Die auf der Basis des ebenfalls neuen F 900 R Roadsters aufbauende F 900 XR vereint die Handlichkeit der Nackten R mit einem kompromisslosen Zusammenspiel aus Sportlichkeit und Tourentauglichkeit, wie man es bisher bei BMW nur von der S1000XR kannte. Die wiederrum spielt natürlich ihr Lied in einer anderen Klasse, wodurch die kleine XR ein ganz eigenständiges Model wird, dass faktisch für jeden passt. Mit Sitzhöhen von 775mm bis 870mm zeigt BMW deutlich den variablen Anspruch dieses Multitools. Man will es vielen Körpergrößen recht machen und so wird Komfort von Beginn an großgeschrieben.
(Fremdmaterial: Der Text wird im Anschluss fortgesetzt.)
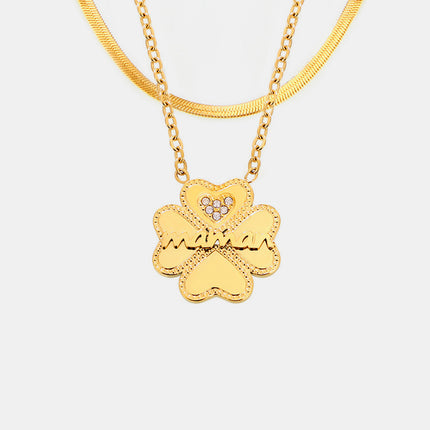 2 Piece 18K Gold-Plated Inlaid Zircon Lucky Clover Necklace - Image 3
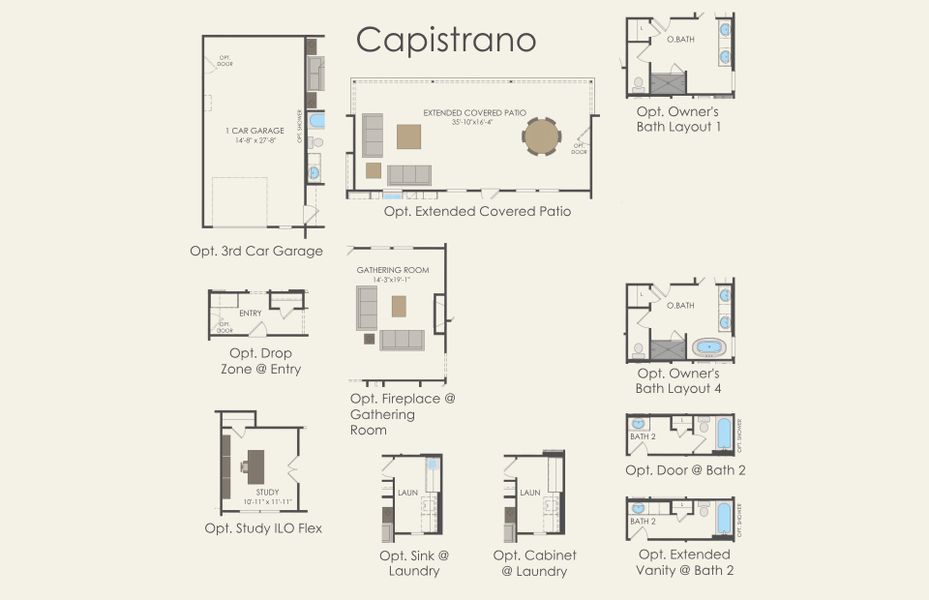 2D floor plan layout for the Capistrano by Centex in Wildwood Reserve, San Antonio, TX (Image 4). 2D floor plan layout for the Capistrano by Centex in Wildwood Reserve, San Antonio, TX (Image 4).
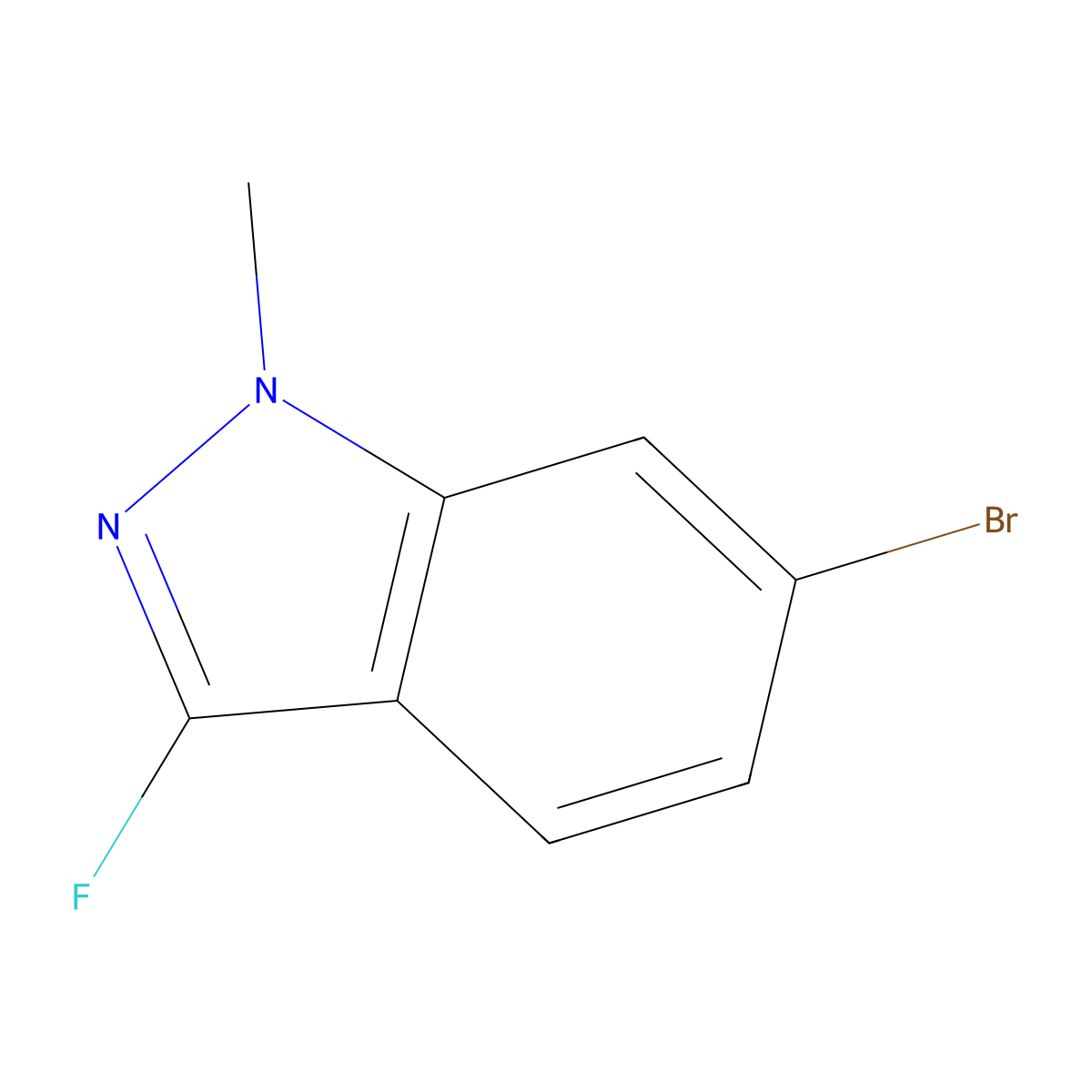 6-bromo-3-fluoro-1-methyl-1H-indazole molecular structure, CAS 1629596-76-4
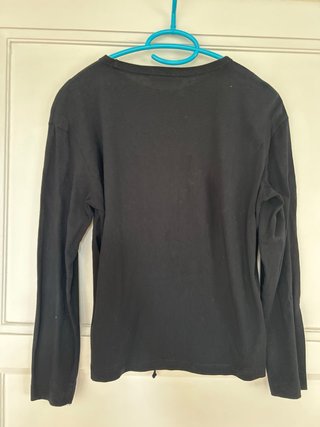 Camiseta Mango Negra Fruncida Manga Larga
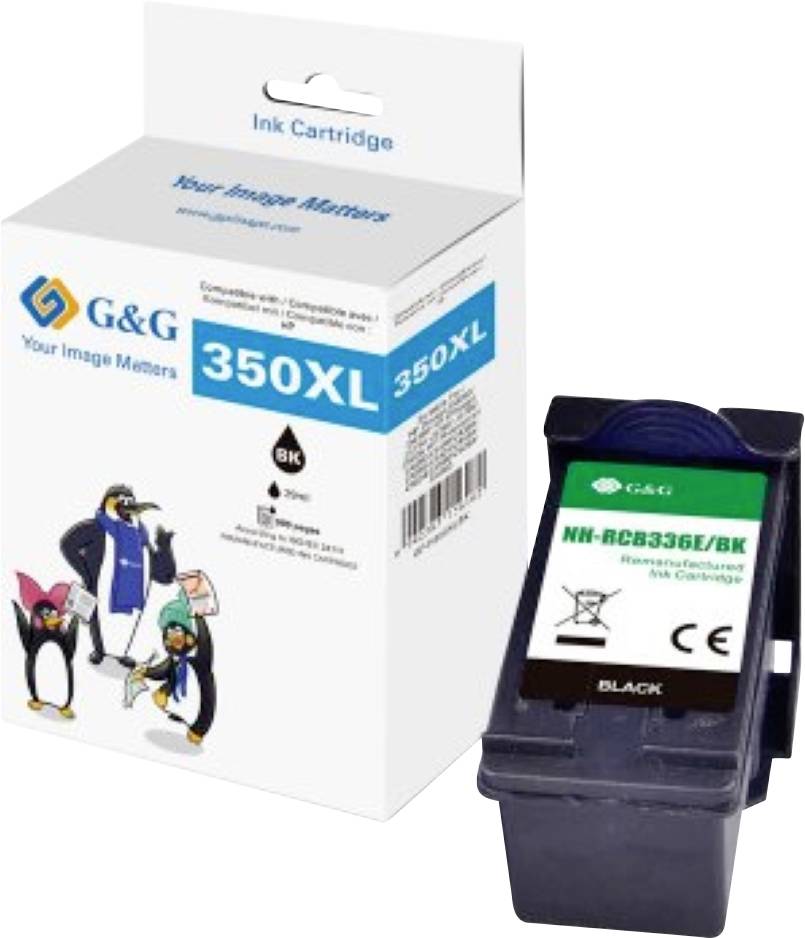Ink cartridge packaging and cartridge. Box reads '350XL', 'Your Image Matters', 'Black'. Cartridge labeled 'NN-RB336BK', 'Black'.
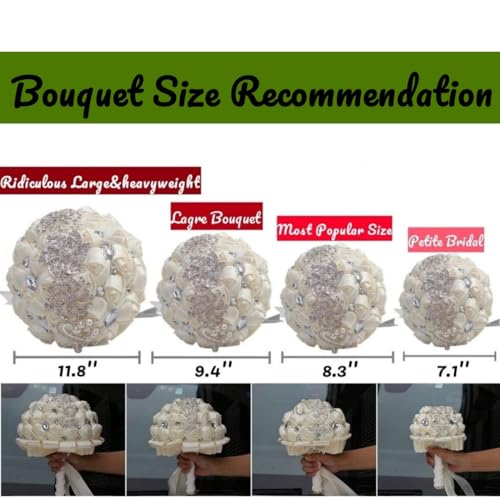Image of MaxxCloud Luxury Gatsby-Inspired Vintage Wedding Golden Brooch Bouquets Handmade Sliver Bling Glam Wedding Bridal Bouquet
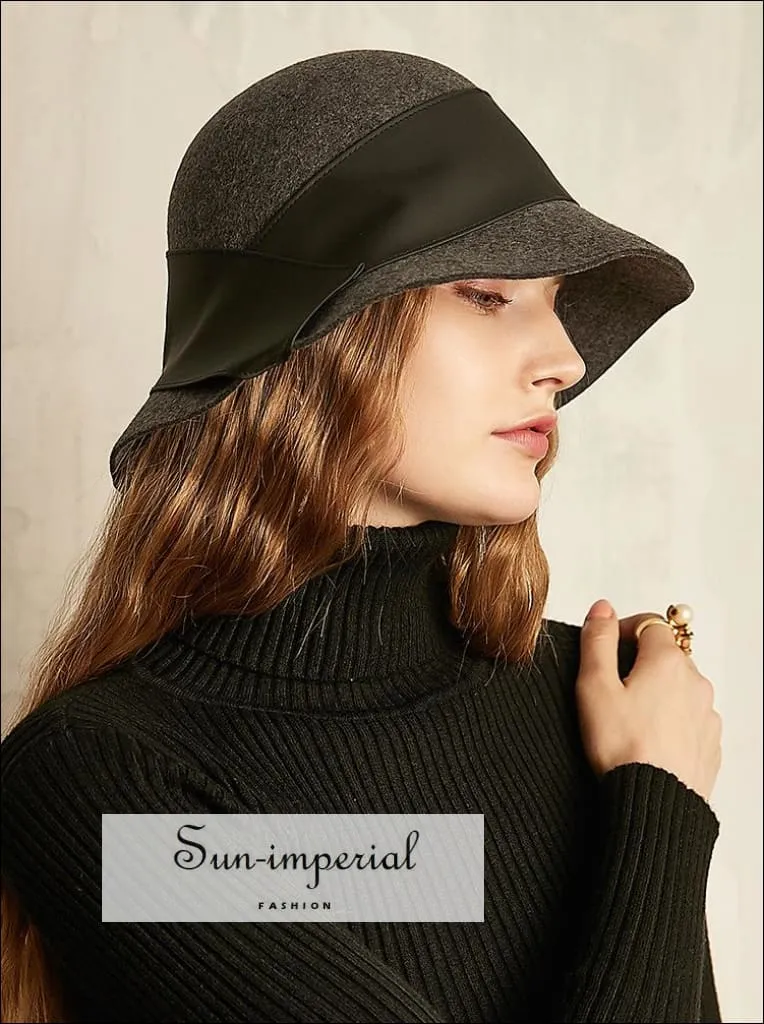 100% Wool Bucket Hat Women Elegant Winter Hats with Leather Trim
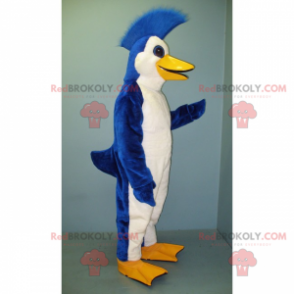 Mascota del pingüino azul y blanco con una cresta -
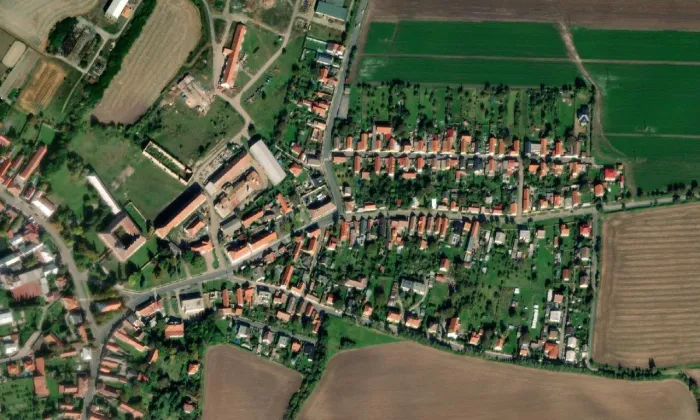 Špitál (Kounice) – letecký pohled
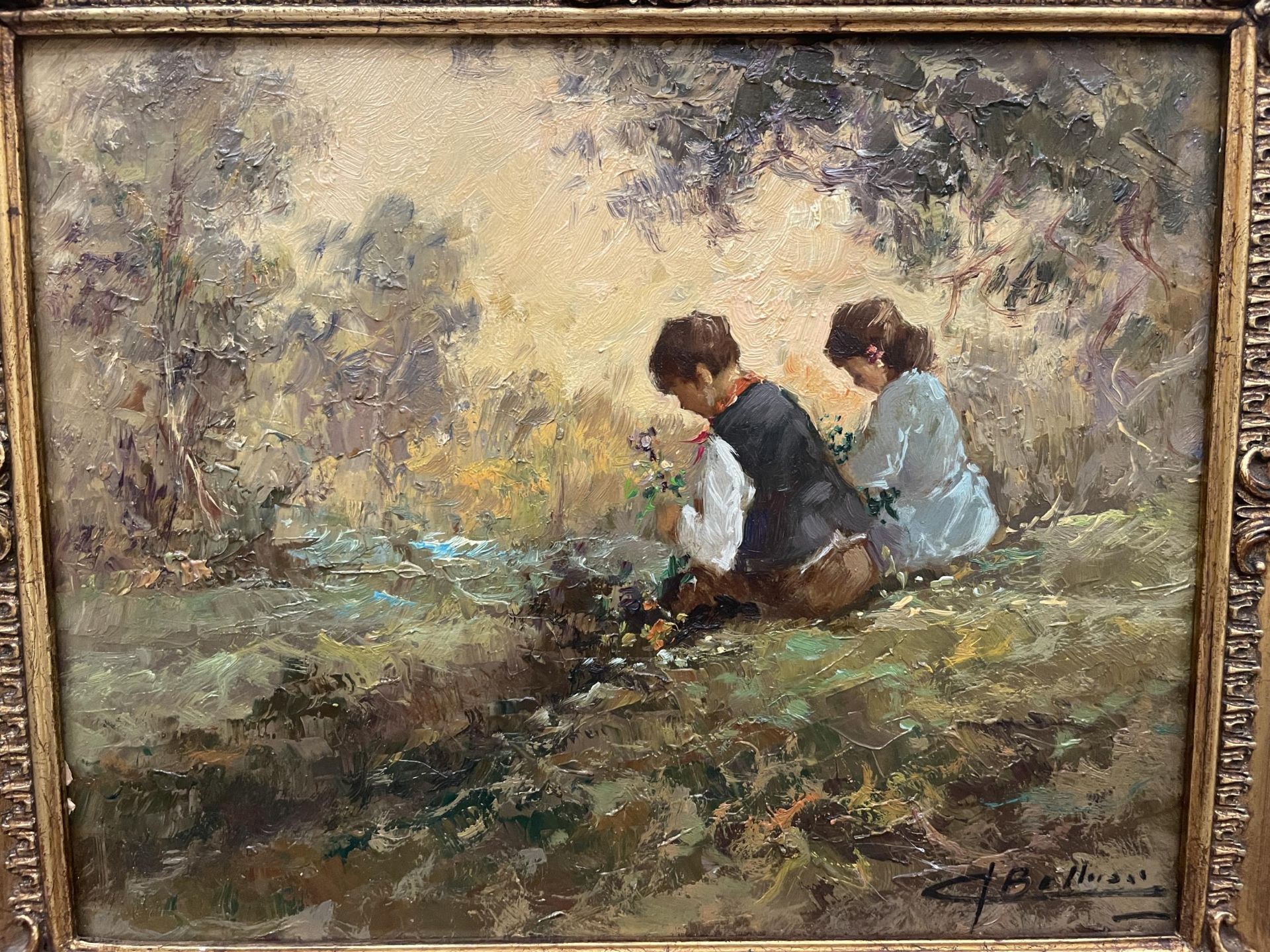 A GILT FRAMED OIL ON BOARD OF TWO CHILDREN BY A RIVER SIGNED 29.5CM X 23CM - Bild 2 aus 3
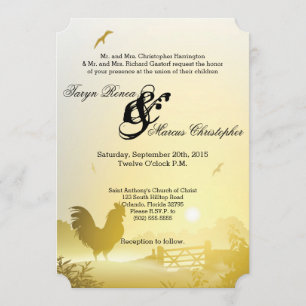 12x18 Wedding Invitation Sunny Morning Farm Land Einladung
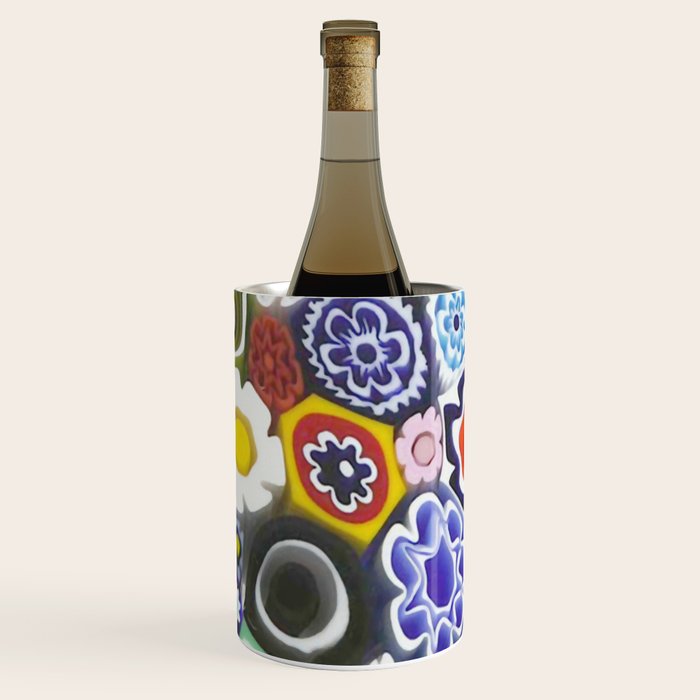Millefiori Murano Italian Glass Print Wine Chiller Gallery Image 2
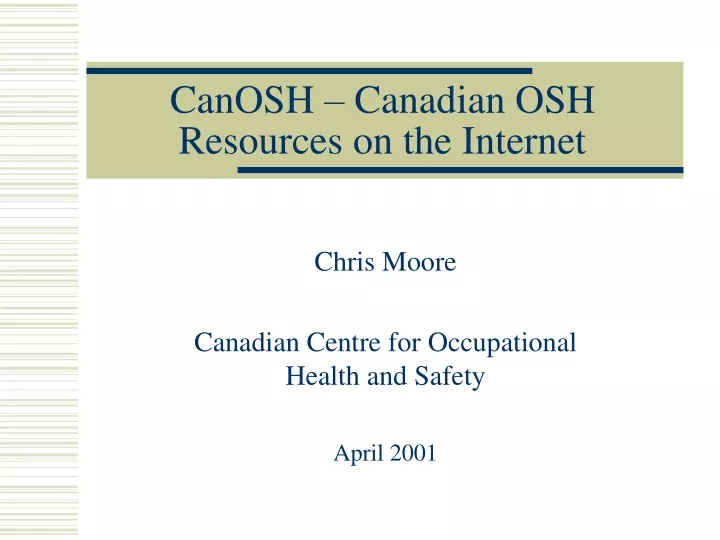 canosh canadian osh resources on the internet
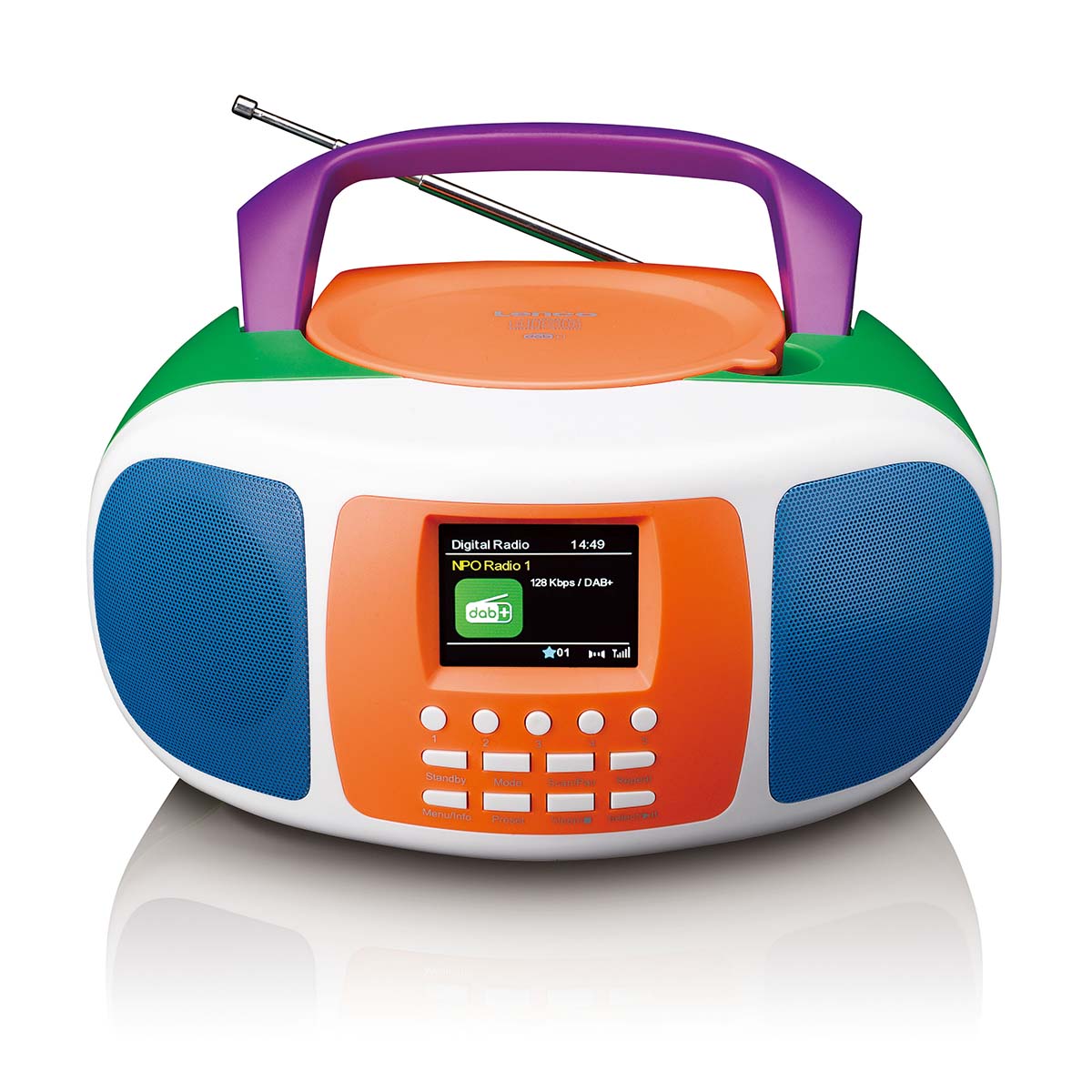 lenco-scd-861kids-tragbarer-dab-fm-radio-mit-bluetooth-cd-player-und-farbdisplay image 2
Denn bereits in der Standardsitzhöhe (825mm) ist der Kniewinkel bei 170mm Körperhöhe sehr entspannt und der breite Lenker liegt durch die aktive Sitzposition dynamisch in der Hand. Dabei rollt die XR gemütlich am Gas hängend, im eingestellten Rainmodus über die Landstraße. Deutlich spürt man beim Beschleunigen die gedämpfte Gasannahme des sonst pfiffigen Reihentwins mit seinen 105 PS und 92 Nm bei 6500 Umdrehungen. Eine A2 taugliche Variante wird hier natürlich auch angeboten die 95PS bzw. gedrosselte 48PS leistet. Wie sein Vorgänger verfügt der neue Motor über einen Hubzapfenversatz, was einen V2 vortäuscht und klanglich trotz Euro 5 Norm das Motorrad immer noch nach etwas klingen lässt. Dabei verhält er sich sowohl im kalten wie auch im warmen Zustand sehr freundlich und überzeugt mit wenig bis keinen Lastwechseln. Ausgestattet mit zwei Standardridingmodes, Rain und Road, mit ABS und ASC hat man so schon einmal ein sehr gutes Basisbike.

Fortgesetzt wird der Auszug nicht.